Not everything in a software project can be counted (easily), a family of techniques known as proxy-based estimation helps overcome this challenge. The techniques rely massively on the ability to process raw historical data of an organization.
Software estimation can also take advantage of wisdom of the crowds by creating the right environment to support this idea.

Count, Compute, Judge

People have the tendency to mistake estimation with judgement (or, in another word, guess). However, researchers have found that judgement alone is the most inaccurate form of estimation. Estimation experts are more likely to perform better than newbies with judgement alone, but in fact, that result comes from a wide range of historical data, experience and painful stories the experts have been through in their career. Was the estimation made in an inexperienced field, no different in performance was observed.

Under the light of statistical science, counting and computing are proven to be more reliable. You should always count related things first, then compute what you can't count and finalize the estimation with calibration data. Only use judgement as the last resort.

There are many things you can count in a software project. Per the cone of uncertainty, the later in the project, the finer the level of granularity you can count at.
In order to avoid being paralyzed by choices, there are a few rules of thumb we can use to decide what to count.
  • As size is the strongest influence in a software project, count something that closely reflects the project size
  • Thing that can be count early in the project is better than something we need to wait till later
  • To get benefits from historical data (like pro estimators), we better count something consistent between projects
  • Count something that woud result in a relatively large number (like 20 or more) so that we can take advantage of the law of large numbers. The law states that the erros on the high side and errors on the low side cancel each other out to some degree.

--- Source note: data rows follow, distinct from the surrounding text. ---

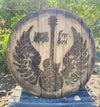 Lynyrd Skynyrd - "Free Bird" Bourbon Barrel Lid For the Music Lover Agape Farms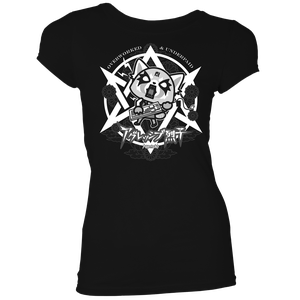 [Aggretsuko: Women's Fit T-Shirt: Heavy Metal Japanese (Product Image)]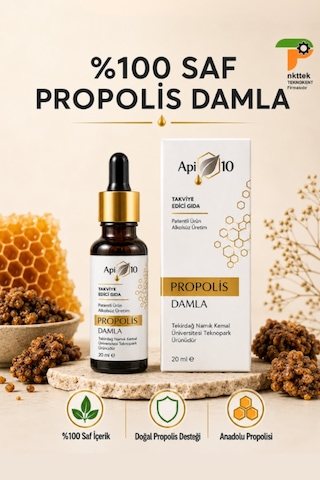 Api10 Propolis Damla Alkolsüz Takviye Edici Gıda 20 ML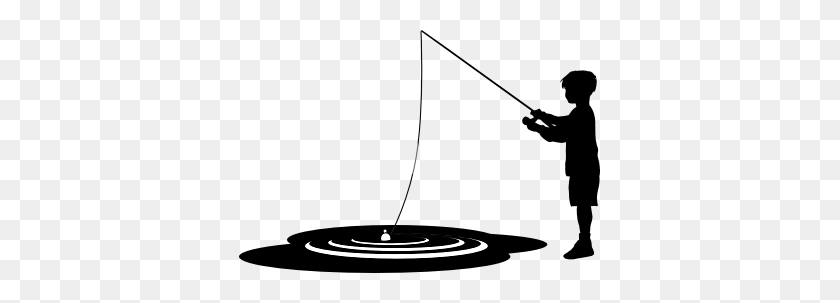 361x243 Boy Fishing Clipart Free Clipart Images - Golf Club Clipart Black And White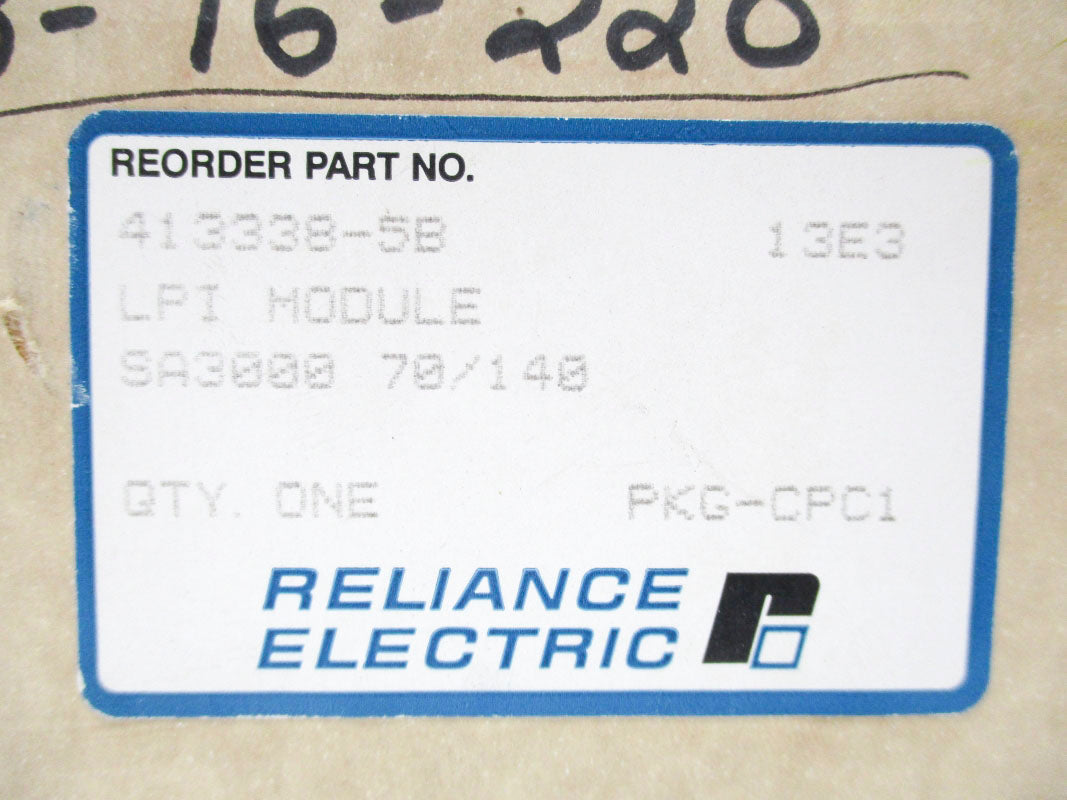 RELIANCE ELECTRIC 413338-5B NSMP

Decomposition by Work Breakdown Structure

In the last post, we have already listed omitted activities as one of the major sources of estimation error. Omitted activities consists of forgotten features and forgotten tasks. Forgotten features can be reduced by thorough requirement engineering and experience. In general, this requires much practice and retrospection to improve. Forgotten tasks, on the other hand, can be improved dramatically by checking our work against an activity-based work breakdown structure.


Justify Probability Statement

Even though, judgement is very subjective, we cannot avoid that. After all the counting and computing, judgement is needed for the actual numbers. Educated guess is better than blind guess, and here is how can we make one. We have learned that estimate is a probability statement, we should stop using single-point number as reliable estimate. Best Case and Worst Case make a good start, it is more likely to catch actual hours somewhere in the middle and makes us more comfortable.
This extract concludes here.